Last year Dajka had tried to reach out to another troubled Australian athlete to warn of the perils of being an elite sportsman at such a young age. He warned swimmer Nick D’Arcy - who was arrested for assaulting a teammate in a nightclub last year, was subsequently banned from the Beijing Olympics and this week dumped by the Australian swim team – to be careful in how he dealt with his problems.
"He's a 20-year-old and his dream has been taken away," Dajka said last August of D’Arcy. "I know how he feels.
"My advice to him is not to try and numb the pain, like I did, instead of dealing with the problem. That's how I got into the alcohol and it went from there.
"I would hope swimming can provide help for him. In my case with cycling, I just got booted."
The head of the Australian Olympic Committee, John Coates, said today while Dajka’s death was sad, he believed the sporting body provided adequate support for athletes.
“There is something to pick them up,'' Mr Coates said in Melbourne. “There is a network through the AIS, and all the Australian institutes of sports, that look after athletes on our Olympic team or on scholarship, who have disappointments in events, form that may just be retiring, some people don't handle retiring.

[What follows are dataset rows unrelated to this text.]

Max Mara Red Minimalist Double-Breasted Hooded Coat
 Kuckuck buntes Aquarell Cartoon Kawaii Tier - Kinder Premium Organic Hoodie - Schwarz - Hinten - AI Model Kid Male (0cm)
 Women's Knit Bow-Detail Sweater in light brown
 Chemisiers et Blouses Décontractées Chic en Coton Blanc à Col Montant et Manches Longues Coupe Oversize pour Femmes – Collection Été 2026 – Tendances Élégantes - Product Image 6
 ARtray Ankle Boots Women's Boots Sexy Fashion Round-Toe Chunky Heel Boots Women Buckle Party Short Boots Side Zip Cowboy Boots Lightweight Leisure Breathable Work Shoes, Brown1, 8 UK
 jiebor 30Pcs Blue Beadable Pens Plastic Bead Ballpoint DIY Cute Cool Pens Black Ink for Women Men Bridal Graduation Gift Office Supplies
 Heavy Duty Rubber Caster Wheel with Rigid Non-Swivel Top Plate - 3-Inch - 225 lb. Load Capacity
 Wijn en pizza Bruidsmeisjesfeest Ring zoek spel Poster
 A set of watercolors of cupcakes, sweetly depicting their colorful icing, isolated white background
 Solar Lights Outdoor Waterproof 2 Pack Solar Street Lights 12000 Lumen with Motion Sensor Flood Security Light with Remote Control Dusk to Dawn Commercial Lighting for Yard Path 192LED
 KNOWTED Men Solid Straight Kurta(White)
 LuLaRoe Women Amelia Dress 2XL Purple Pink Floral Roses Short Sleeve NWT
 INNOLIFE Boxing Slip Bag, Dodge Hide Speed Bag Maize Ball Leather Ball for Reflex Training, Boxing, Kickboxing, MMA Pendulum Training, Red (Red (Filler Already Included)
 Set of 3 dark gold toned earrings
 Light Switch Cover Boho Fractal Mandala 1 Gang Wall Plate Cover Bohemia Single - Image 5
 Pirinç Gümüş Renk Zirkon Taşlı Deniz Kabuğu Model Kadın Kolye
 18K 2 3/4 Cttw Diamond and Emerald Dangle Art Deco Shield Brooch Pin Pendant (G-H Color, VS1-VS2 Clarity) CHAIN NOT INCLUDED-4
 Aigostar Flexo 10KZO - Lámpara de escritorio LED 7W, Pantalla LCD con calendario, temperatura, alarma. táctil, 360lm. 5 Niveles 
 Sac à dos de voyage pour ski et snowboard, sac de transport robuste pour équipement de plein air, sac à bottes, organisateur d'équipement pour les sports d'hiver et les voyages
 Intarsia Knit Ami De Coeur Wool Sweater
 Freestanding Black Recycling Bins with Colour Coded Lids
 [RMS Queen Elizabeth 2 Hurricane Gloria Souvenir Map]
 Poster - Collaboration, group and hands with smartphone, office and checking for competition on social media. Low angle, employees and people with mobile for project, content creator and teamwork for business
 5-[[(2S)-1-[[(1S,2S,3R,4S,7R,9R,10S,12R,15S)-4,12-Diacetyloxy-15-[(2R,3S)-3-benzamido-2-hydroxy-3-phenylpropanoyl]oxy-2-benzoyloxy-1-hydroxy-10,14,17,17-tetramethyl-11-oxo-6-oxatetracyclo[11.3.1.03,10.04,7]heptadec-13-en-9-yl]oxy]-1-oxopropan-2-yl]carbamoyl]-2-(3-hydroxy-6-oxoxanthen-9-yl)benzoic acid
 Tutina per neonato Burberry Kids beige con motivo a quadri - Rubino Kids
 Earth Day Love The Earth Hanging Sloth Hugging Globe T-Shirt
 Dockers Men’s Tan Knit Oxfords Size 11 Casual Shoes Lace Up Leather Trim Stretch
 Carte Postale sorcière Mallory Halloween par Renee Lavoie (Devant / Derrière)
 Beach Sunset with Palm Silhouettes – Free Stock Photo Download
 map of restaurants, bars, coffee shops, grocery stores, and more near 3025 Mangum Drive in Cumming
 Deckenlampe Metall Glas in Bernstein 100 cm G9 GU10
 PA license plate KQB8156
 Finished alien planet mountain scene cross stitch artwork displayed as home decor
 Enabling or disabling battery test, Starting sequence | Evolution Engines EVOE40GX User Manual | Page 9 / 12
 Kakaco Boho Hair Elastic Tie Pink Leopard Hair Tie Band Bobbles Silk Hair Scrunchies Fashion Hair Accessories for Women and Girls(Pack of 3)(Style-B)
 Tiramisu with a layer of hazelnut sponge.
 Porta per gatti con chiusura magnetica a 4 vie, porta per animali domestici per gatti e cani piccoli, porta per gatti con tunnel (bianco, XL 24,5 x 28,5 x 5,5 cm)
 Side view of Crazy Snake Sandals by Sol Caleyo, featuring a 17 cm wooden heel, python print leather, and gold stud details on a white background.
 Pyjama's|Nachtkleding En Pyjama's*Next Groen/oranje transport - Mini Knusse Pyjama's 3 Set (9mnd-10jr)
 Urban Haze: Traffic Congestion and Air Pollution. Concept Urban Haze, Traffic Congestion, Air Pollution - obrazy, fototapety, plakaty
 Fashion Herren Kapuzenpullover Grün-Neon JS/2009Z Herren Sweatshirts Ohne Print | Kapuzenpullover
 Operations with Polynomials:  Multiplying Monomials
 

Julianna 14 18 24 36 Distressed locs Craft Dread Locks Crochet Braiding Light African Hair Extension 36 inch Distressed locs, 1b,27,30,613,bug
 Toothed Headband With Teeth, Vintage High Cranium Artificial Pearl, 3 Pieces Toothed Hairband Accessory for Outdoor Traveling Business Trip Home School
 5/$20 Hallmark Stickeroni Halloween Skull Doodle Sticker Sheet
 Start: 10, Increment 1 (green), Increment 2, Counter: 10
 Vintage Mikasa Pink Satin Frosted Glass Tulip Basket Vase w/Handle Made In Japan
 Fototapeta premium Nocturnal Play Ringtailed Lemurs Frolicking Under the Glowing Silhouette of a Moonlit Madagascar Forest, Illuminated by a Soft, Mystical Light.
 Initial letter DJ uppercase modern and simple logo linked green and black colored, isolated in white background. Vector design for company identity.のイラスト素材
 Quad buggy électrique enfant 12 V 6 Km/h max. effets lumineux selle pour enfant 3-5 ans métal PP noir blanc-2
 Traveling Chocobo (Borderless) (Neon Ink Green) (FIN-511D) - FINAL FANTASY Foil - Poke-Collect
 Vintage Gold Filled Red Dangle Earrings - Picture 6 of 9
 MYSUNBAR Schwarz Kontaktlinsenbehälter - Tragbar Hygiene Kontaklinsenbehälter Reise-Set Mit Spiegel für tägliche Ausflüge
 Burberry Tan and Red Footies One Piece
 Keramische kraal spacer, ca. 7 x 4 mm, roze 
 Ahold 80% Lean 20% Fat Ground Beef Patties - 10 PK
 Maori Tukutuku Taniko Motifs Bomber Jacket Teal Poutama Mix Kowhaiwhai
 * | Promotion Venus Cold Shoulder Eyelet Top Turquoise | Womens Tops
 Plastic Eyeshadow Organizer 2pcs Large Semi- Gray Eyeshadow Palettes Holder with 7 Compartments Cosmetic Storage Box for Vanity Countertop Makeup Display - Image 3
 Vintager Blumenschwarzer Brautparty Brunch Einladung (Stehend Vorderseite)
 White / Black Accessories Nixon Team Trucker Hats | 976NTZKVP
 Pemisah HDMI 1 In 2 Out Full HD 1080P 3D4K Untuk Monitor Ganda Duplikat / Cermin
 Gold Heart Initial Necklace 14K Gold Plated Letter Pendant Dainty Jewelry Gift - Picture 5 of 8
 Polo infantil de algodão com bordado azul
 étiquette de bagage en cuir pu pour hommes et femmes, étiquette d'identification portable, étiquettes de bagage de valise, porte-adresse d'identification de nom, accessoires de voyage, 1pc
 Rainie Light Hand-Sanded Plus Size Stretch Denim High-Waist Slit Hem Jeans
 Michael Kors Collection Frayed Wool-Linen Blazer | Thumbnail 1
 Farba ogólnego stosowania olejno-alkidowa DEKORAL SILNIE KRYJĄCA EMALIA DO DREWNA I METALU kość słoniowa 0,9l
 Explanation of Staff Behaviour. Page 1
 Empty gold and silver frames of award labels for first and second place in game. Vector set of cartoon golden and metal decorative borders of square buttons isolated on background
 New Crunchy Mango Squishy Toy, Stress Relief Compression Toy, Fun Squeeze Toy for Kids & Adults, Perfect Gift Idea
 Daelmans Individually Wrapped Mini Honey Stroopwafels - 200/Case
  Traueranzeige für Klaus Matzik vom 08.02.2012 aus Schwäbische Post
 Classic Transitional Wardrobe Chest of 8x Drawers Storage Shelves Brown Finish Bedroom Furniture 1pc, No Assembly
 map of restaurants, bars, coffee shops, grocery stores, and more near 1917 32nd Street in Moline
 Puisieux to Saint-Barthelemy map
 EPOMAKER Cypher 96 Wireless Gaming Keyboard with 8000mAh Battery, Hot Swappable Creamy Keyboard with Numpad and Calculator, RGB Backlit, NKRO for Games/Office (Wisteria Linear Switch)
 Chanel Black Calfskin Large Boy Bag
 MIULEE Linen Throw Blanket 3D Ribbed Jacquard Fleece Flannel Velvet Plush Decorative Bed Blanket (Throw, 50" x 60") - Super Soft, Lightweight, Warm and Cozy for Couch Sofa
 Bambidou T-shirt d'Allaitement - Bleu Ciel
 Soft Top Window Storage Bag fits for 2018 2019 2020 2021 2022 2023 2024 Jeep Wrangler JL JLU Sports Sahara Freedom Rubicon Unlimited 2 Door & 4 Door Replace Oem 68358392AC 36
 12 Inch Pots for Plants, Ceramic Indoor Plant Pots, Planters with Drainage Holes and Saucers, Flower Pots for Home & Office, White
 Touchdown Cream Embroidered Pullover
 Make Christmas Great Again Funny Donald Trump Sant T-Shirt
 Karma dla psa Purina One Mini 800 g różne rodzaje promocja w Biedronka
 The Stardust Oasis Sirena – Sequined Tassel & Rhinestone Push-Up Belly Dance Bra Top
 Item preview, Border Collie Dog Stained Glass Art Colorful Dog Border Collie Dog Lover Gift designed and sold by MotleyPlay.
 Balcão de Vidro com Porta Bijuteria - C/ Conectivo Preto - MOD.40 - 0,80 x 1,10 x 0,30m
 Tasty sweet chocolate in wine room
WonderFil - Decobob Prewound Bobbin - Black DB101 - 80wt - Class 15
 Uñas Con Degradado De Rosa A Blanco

“I would be very certain that would have kicked in through the South Australian Institute of Sport, the AIS and cycling in respect to Jobie.
“It is a very, very sad occurrence obviously ... I don't think you can ever take unknown consequences such as that into account when you are determining how to deal with a situation.”
Dajka said last year he hoped to make a comeback and compete at the London Olympics in 2012. Cycling Australia chief executive Graham Fredericks said Dajka had recently begun talking about making a return to the sport.
“He was talking in terms of coming back to the sport and asking what hoops he had to jump through,” Mr Fredericks said.
“Because he was an elite athlete, he had to go through a reinstatement process in terms of WADA (World Anti-Doping Agency) protocol and I was probably expecting as the next phone call from him he was to say that ‘Yeah, I'm ready to sign up as a member’.
“So it (his death) came as quite a shock in the last 24 hours.”